According to the 2009 complaint filed with the Alameda County Superior Court in Oakland in Elaine Andrews et al. v. Lawrence Livermore National Security L.L.C. et al., the limited liability company took over management of the Lawrence Livermore national laboratory, a government-owned, contractor-operated facility funded by the U.S. Department of Energy, in 2007.
At that time, the lab had a $1.6 billion budget and a staff of 6,800, according to the complaint. The company decided to reduce its operating expenses by laying off about 750 employees. Although layoff procedures are set forth in a personnel policy manual published by the company, says the complaint, “business units and layoff units were created in a way that (the company) could target older workers for layoff by circumventing” the manual's procedures.
“The personnel policy manual does not authorize grouping employees in this manner,” the complaint says. “In addition, (the company) excluded approximately 40% of the workforce from exposure to the possibility of layoff, claiming they had peculiar skills, knowledge and abilities. This exclusion protected younger workers, and led to the termination of older workers,” the complaint says. “The entire reduction is invalid, illegal and discriminatory.”
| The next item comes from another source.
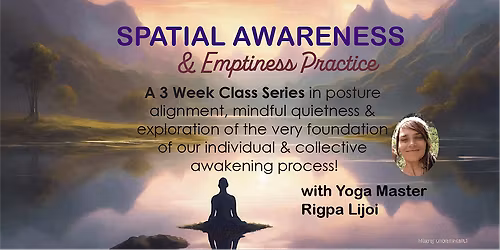 Spatial Awareness & Emptiness Practice Class Series w\/Yogi Rigpa Lijoi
In his technical Oct. 12 ruling, which was made available Tuesday, Judge Robert B. Freedman considers and rules against the defendants on five separate issues related to the plaintiffs' disparate impact claim.
The five issues were:
• The court lacks jurisdiction over the plaintiffs' disparate impact age claims;
• The plaintiffs cannot establish a prima facie case because they have not identified a specific neutral employment practice, and cannot identify a neutral employment policy or practice;
• The plaintiffs cannot establish a prima facie case because there is no statistically significant evidence of disparate impact;
• The company's policies and practices were justified by business necessity; and
• The plaintiffs have not identified alternative practices that could have avoided any disparate impact.
Plaintiff attorney J. Gary Gwilliam of Gwilliam Ivary Chiosso Cavalli & Brewer P.C. said in a statement Wednesday that the plaintiffs' average age is 54 and that they had worked for the lab an average of 20 years.
“Our clients have waited a long time for this trial. We look forward to having a jury hear this case as soon as possible,” Mr. Gwilliam said. He said a Nov. 1 hearing is scheduled to set the trial date, which is expected to be held in December or January.
A Livermore spokesman in a statement, “The lab disagrees with the judge's conclusion. We are currently reviewing the details of the decision and considering various options.”